Implementation considerations

I usually try not to mix design and implementation discussions, but here I think that there are some particularly important implementation considerations to think about.

First, should a system call for RPCs exist in the kernel or should RPC be done by the calling and called process using a library and a pipe-based communication protocol ? There are good arguments on both sides.

  • RPC is easier to implement in the kernel because, well, the kernel knows about every process.
  • It is also really a vital mechanism on a microkernel OS, like all other forms of IPC, so if there’s a security flaw in the way we do it, we really want to have this flaw patched as soon as possible for all software, which cannot be done if it’s library-based and silly people get their software statically linked to that library instead of using dynamic linking.
  • Furthermore, at some point, we’ll probably want to introduce security token checks (like “you can only run this remote procedure if you have the appropriate security token”). Do we want anything but the kernel to do this check and be responsible for (part of) the OS’ security ?
  • Doing everything in user mode means that we’ll need less syscalls, since once a pipe between two processes has been created, the communication on that pipe can mostly be done in user mode. On the other hand, user mode code won’t be able to do immediate control transfer from one process to another instead of waiting for the scheduler to do the switch, which would have helped reactivity. Furthermore, this syscall advantage does not exist in a threaded model, since a syscall is necessary to create threads anyway (if Tanenbaum’s book has taught me something about threads, it’s that user-mode ones are not worth the effort).
  • Putting RPC out of the kernel means that we have one less potentially buggy and/or insecure code in kernel mode to worry about.

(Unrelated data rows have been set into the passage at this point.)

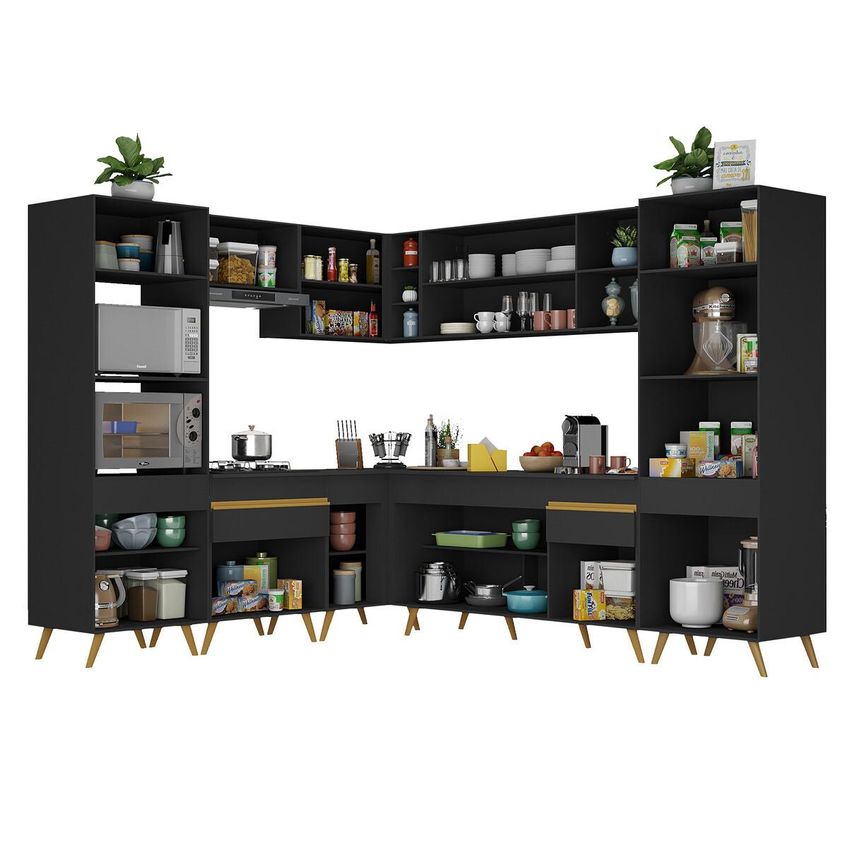 Cozinha Completa Compacta Armário Canto FL2046 Veneza Multi Preto/Dourado - imagem 5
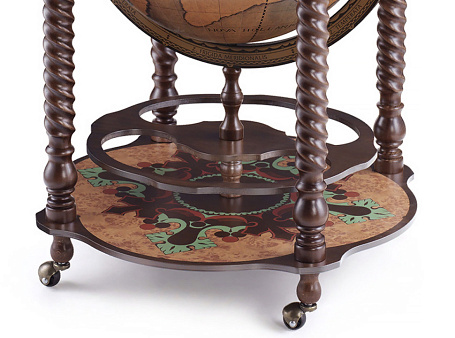 Глобус - бар напольный с витыми ножками "Бахус", Ø50 см.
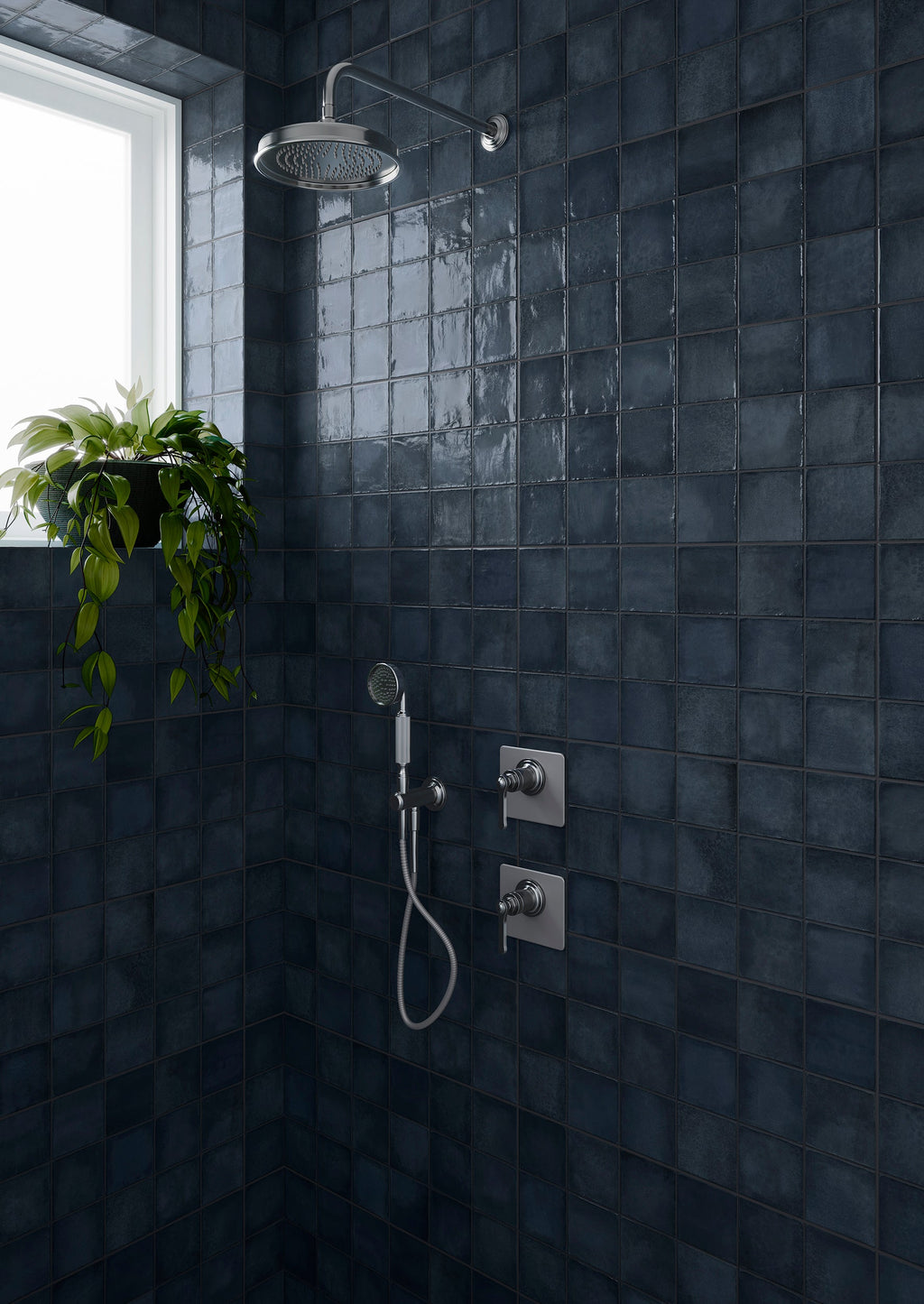 Decoris Navy Blue Porcelain Tile – room scene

Another thing that should be considered is the way the asynchronous model will be managed. To reduce the complexity of the implementation, it’s possible to have it emulated on top of the threaded model, using a mechanism similar to the one above, as I mentioned in the previous article :

  • If no thread is running, create a thread and have it run right away.
  • Subsequently generated threads will be put in an inactive state until the current thread is done with its job. If the sole running thread is blocked for I/O, nothing will replace it.

But it could also be done by having a thread “waiting for RPC”. That thread will simply use blocking calls to either check a pipe for RPC tasks to handle (for user-mode implementations) or notify the kernel that it is ready to process an RPC request. In the latter case, the kernel keeps a specialized asynchronous task buffer at hand for tasks that have received clearance for being processed by the called process. Each time the thread notifies the kernel that it is ready to process a request, the kernel will have that thread perform the next call in queue by putting the parameters on its stack and making the thread jump at the right place.

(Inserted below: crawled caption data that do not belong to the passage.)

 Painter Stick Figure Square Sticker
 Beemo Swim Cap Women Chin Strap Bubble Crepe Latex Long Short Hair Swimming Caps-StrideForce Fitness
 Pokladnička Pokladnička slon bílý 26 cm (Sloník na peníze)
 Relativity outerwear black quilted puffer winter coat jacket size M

Once all performance optimizations are applied, it is expected that the emulated method will be about as fast as the “pure” asynchronous method, except in situations where a very small remote call is done very frequently.

From → OS development

9 Comments
  1. Brendan permalink

    The problem with your “threaded operation” is that it quickly becomes a nightmare for developers to handle re-entrancy. Any use of any type of lock leads to potential deadlock, livelock, priority inversion, etc; and because you’re creating threads all over the place there’s no way to control it.

    For a simple example, process A acquires a lock, then does an RPC call to process B. During handling the RPC call, process B does a second RPC call back to process A. While handling the second RPC call, process A tries to acquire the lock again, but the lock is already acquired, and now you’ve got deadlock. The author/designer of process A had no way to know that process B would need to do the second RPC call and therefore couldn’t have avoided the problem; and the author/designer of process B had no way to know that process A would use locks like that and therefore couldn’t have avoided the problem.

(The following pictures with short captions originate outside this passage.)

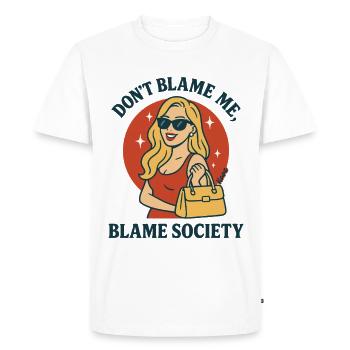 Ne blâme pas la société - T-shirt Premium bio Homme - blanc - Devant - Nico (187cm)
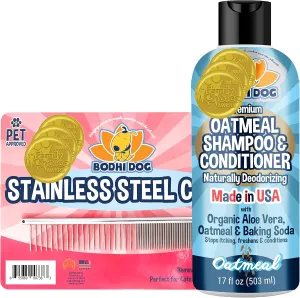 Bodhi Dog Oatmeal Shampoo 17oz   Stainless Steel Comb Bundle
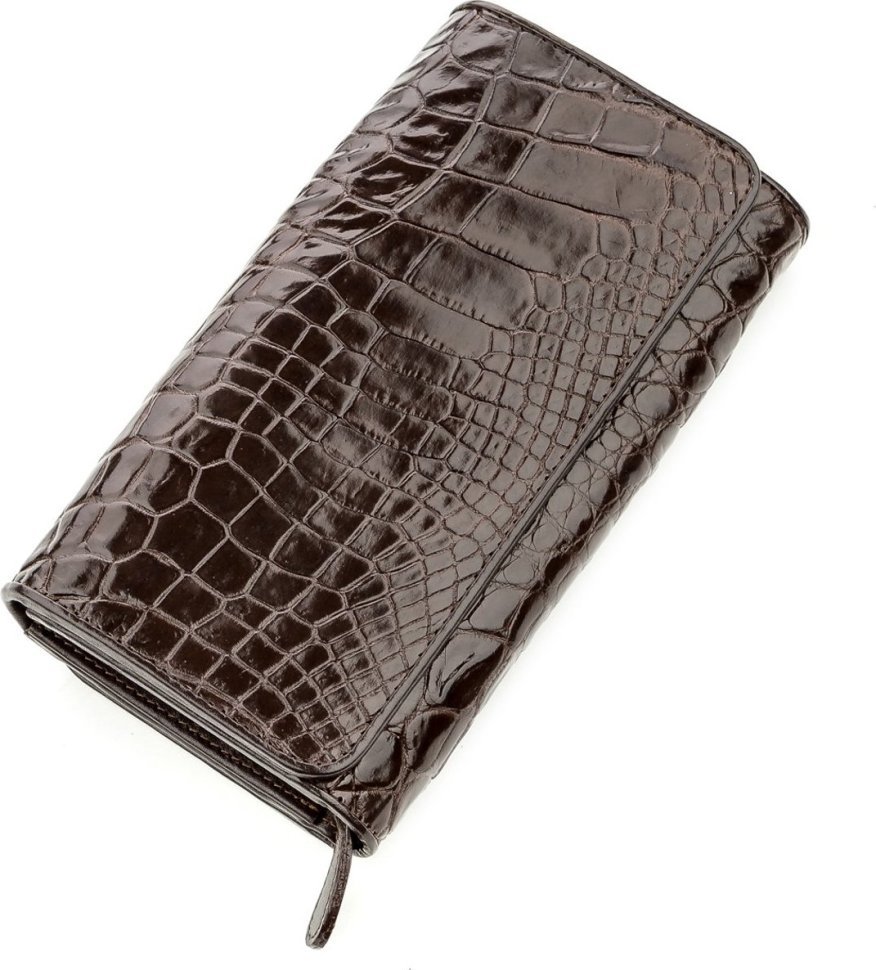 Мужской кошелек-клатч на магните из кожи крокодила CROCODILE LEATHER (024-18589)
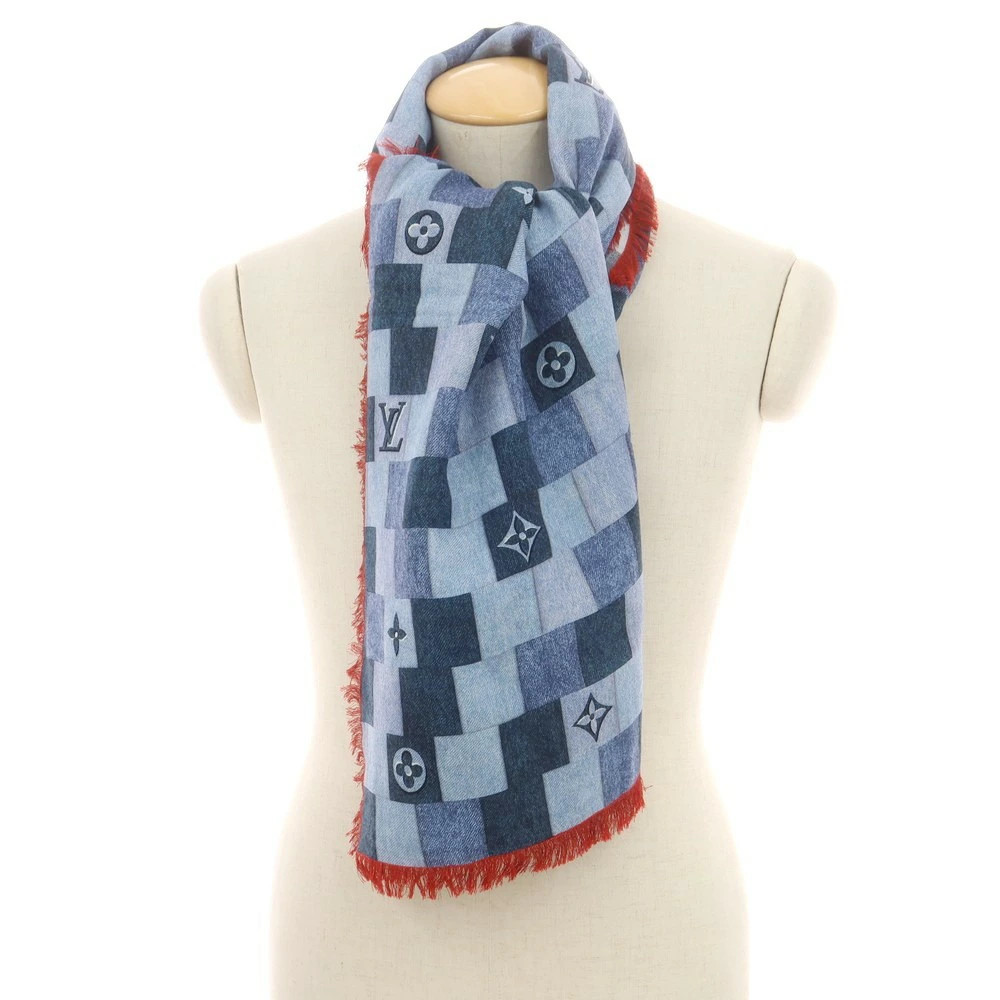 LOUIS VUITTON Monogram Patchwork Wool Silk Denim … - image 7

    If one simple example can lead to an unavoidable deadlock, then imagine how much fun it’ll be with many processes.

  2. Interesting problem indeed. Can you provide a less abstract example of situation where this could happen ? Until now, I’ve never thought of a situation where RPC back and forth between A and B was involved, it was always more like usual stacked procedure calls…

  3. Brendan permalink

    For an example, consider a file system that supports notifications. Process A tells the file system “send me an RPC call whenever directory “foo” is modified”). Then process A acquires a lock, and sends an RPC to the file system to modify something in “directory foo”. The file system sends back a notification saying that “something changed in directory foo”, and process A tries to re-acquire the lock while handling the notification, causing deadlock.

    That is a very simple example (and probably easily avoided because the author/designer of process A can see the problem in their own code). It gets complex when multiple processes are involved – process A acquires lock and then sends RPC to process B which sends RPC to process C which modifies something in directory “foo” causing the notification back to process A (and the deadlock).

    If the system looks like a tree of processes; then a process can send RPC to its parent (or its parent’s parent or…) without any problem; but if a process sends RPC to one of its children (or its children’s children or …) you risk problems – basically anything that looks like a callback. In this case, you can avoid the problem by saying “never use RPC to talk to children while locks are held”.

    If the system doesn’t look like a tree of processes (e.g. arbitrary processes sending RPC to arbitrary processes) then there’s no easy way to tell where the problems will be. In this case, you can fix the problem by saying “never use RPC to talk to anyone while locks are held”.

    Of course these “fixes” just push the problem elsewhere – it makes it harder for processes to avoid race conditions, etc. because they can’t rely on locks so much.

    A similar problem exists for synchronous systems where the sender/caller waits until the receiving thread is blocked (e.g. waiting to receive); except it’s different/worse. Here the problem is a thread trying to send RPC to something that is waiting for a reply. E.g. thread A sends to thread B and waits for reply, thread B tries to send to thread A and can’t. The normal fix in this case is to force software to look like a tree of tasks where you’re simply not allowed to send RPC to a child (ouch – no callbacks).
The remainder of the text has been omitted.